Another option is finding someone you really admire: Jesus, Mohammed, Buddha, Gandhi, Thoreau, et al and then reflecting on what they would do, given their life evidence. Note that their final consequences were not always pleasant.

Browning especially focused on hospital issues: birth and death. Ethical decisions in hospitals have dire and immediate consequences. One cannot simply retreat to the idea that the least expensive option should be activated, though that’s what actually happens in many cases. And what about the comforting and invigilating of the actual medical staff? What happens to their faith?

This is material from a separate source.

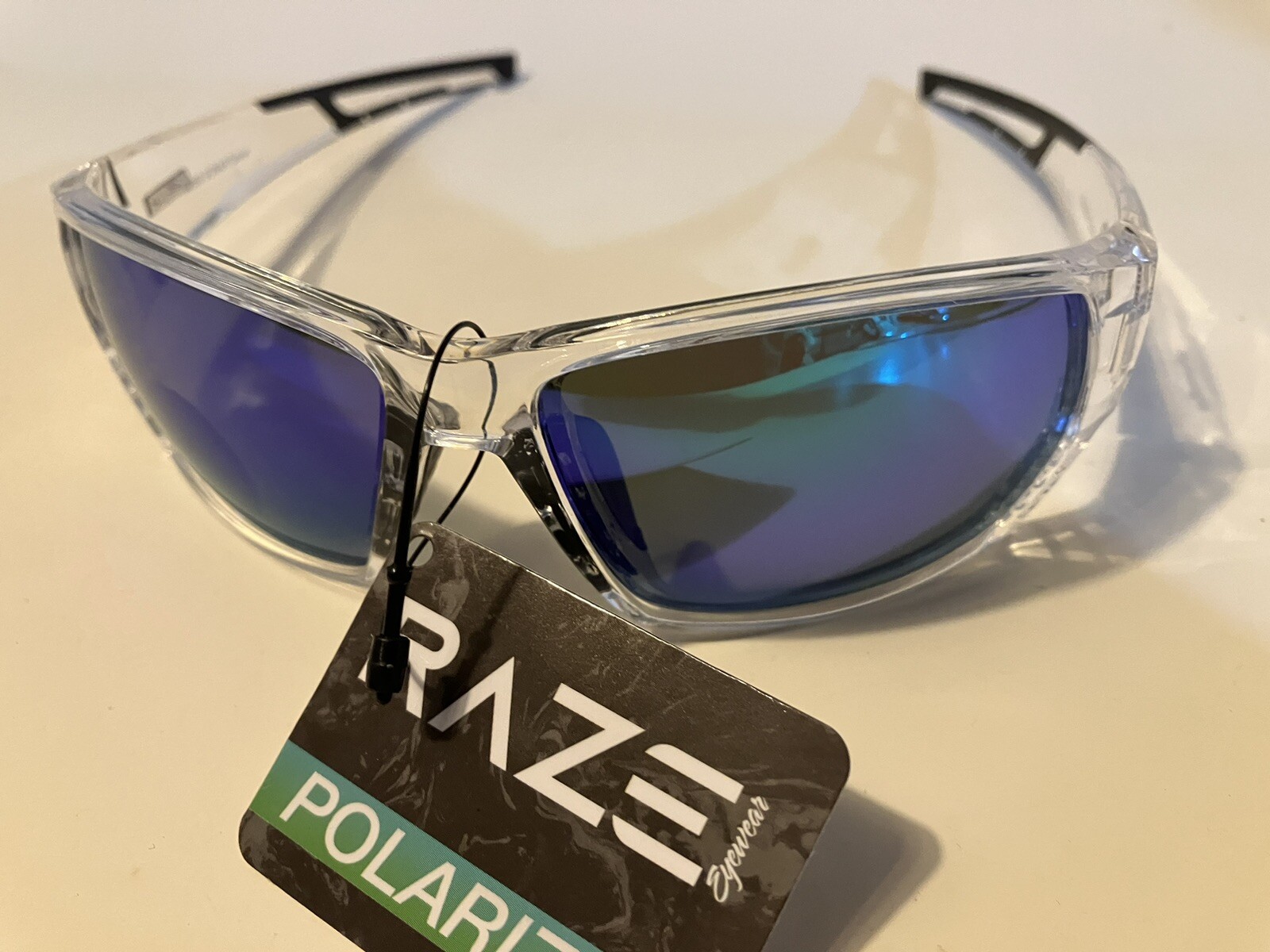 RAZE Eyewear Sunglasses Sonar Polarized Clear Frame Blue Mirror Smoke 28856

Overlapping my years (‘78-’82) Browning (‘77-’83) was the Dean of the U of Chicago Disciples House. His denomination was the Christian Church (Disciples of Christ). The word was that he got to know each student individually and well. There weren’t many of them, but when you add that to his constant writing, teaching and participation in panels and conferences, it was rather remarkable. Not all professors take an interest. Not all can cope with that much work, but he had a steady dedication to what needed to be done.

I didn’t have a personal relationship with Browning, who was only five years older than myself. (He died of cancer, but I don’t know what kind.) He was close to Martin Marty who remembered me years later at a conference in Helena, but a little more formal. He had a “gimlet gaze” that was intimidating and maybe he was more dedicated to the definitively Christian context. As far as I know, he never served a congregation (Marty did.) but he consciously took the Div School as his congregation and extended concern to all of them. He didn’t condemn or exclude or label -- he was simply circumspect. One of his obits says he was a major movie fan. That’s one subject area where I could have engaged him.

Such a person comes along in one’s mind, a wise adviser for life. I hadn’t been launched on my first ministry more than a few weeks when the first person came to me with a nearly unsolvable problem: his sexual abuse of his own child. His solution was suicide, so what good was my advice? From some angles he might have done the right thing. The family -- which had long been shattered -- was not my problem: I was my problem. Browning rarely addressed sexual matters in class, concentrating more on the nature of marriage, parenting, and human growth. (He was fond of Erikson’s stage theory of maturation.) And yet his calm, meticulous sorting of every angle was invaluable to me.

In a scattered, shattered, contradictory world Browning wasn’t just a theorist: he lived his work by providing an example. No one who has attended a major university like the U of Chicago would think he was able to duck out on crisis or human tragedies. Some of his work was at the attached hospital where the casualties of Hyde Park and environs were brought: a ghetto rife with violence and inequity. The murder rate right in Hyde Park is high, Third World people preying on the privileged intellectuals, which is in itself an uncomfortable situation mostly solved by gentrifying, a whole other category of ethical problems. It’s not an accident that this environment produced President Obama, who reminds me of Browning.

Over the years I’ve often sold books that I thought weren’t useful any more. I have never sold a book by Don Browning.